L'alarme semble donc avoir été brève. Il n'empêche qu'aussitôt avertis de l'hospitalisation du souverain, le président du gouvernement, le socialiste José Luis Rodriguez Zapatero, le chef de l'opposition conservatrice, Mariano Rajoy, et le président du Congrès des députés, José Bono, sont demeurés mobilisés jusqu'à l'annonce de l'issue heureuse de l'intervention chirurgicale.

"Les choses se sont bien déroulées. On sait qu'il [le roi] est fort et nous sommes très tranquilles, comme nous l'espérions" a commenté samedi à Madrid M. Zapatero. A ses côtés, le vice-président des Etats-Unis, Joe Biden, exprimait "sa grande tendresse" pour le souverain. Le roi l'avait reçu la veille dans la capitale, à 600 km de Barcelone, sans lui parler de son imminente hospitalisation dans la métropole catalane.
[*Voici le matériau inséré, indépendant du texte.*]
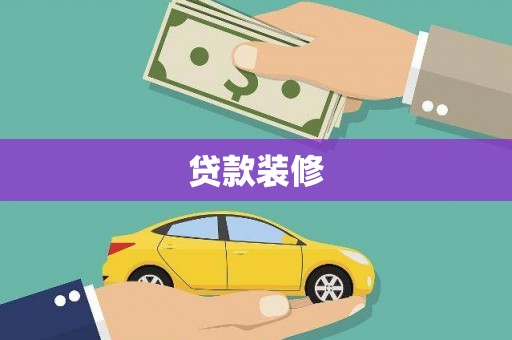 温州贷款装修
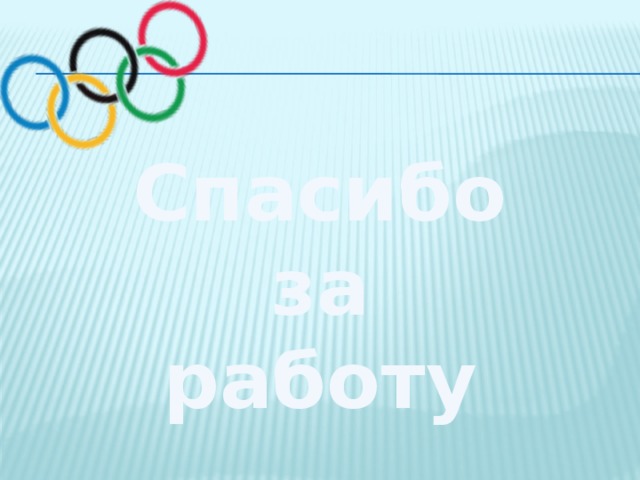 Спасибо за работу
Le conservateur Mariano Rajoy a déclaré, lui, que "nous sommes, comme toujours, avec lui [le roi] et avec la monarchie, convaincus que sa récupération sera bonne et nous souhaitons avec ferveur qu'il en soit ainsi".

"Abdiquer? Jamais!"

La Maison royale et le gouvernement avaient rejeté d'emblée l'application de l'article 59 de la Constitution. Son point 2 stipule : "Si le Roi est inhabile à exercer son autorité et que cette incapacité est reconnue par les Cortès générales [Parlement; ndlr], le Prince héritier de la Couronne, s'il est majeur, exercera immédiatement la Régence".
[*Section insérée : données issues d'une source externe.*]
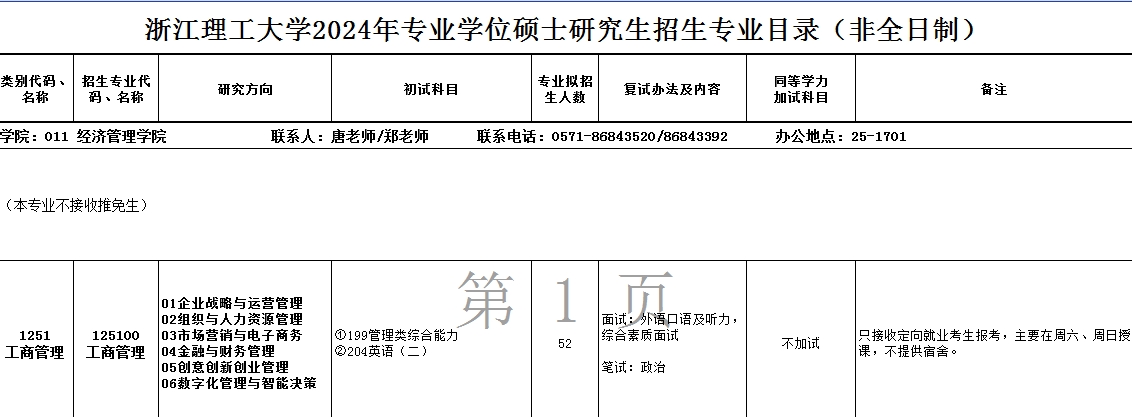 微信截图_20231011100344.png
Majeur, le prince héritier Felipe l'est évidemment à 42 ans et une prétendue impatience à monter sur le trône, non perceptible par le commun des mortels, lui est parfois attribuée par des journalistes espagnols. Certains imputent la même impatience supposée à l'épouse du prince, l'ex-journaliste de télévision Letizia Ortiz, aujourd'hui princesse des Asturies.

Il y a un an et demi déjà, la reine Sofia tentait de mettre le holà à pareilles spéculations. Lors de conversations avec Pilar Urbano, reproduites en octobre 2008 par cette journaliste dans le livre intitulé "La Reina, muy de cerca" (La Reine, de très près), la souveraine affirmait : "Ni le roi n'est fatigué ni le prince n'est impatient ... Abdiquer? Jamais! Le roi n'abdiquera jamais. Nous n'en parlons jamais. Cela sous-entend qu'il régnera jusqu'à la mort".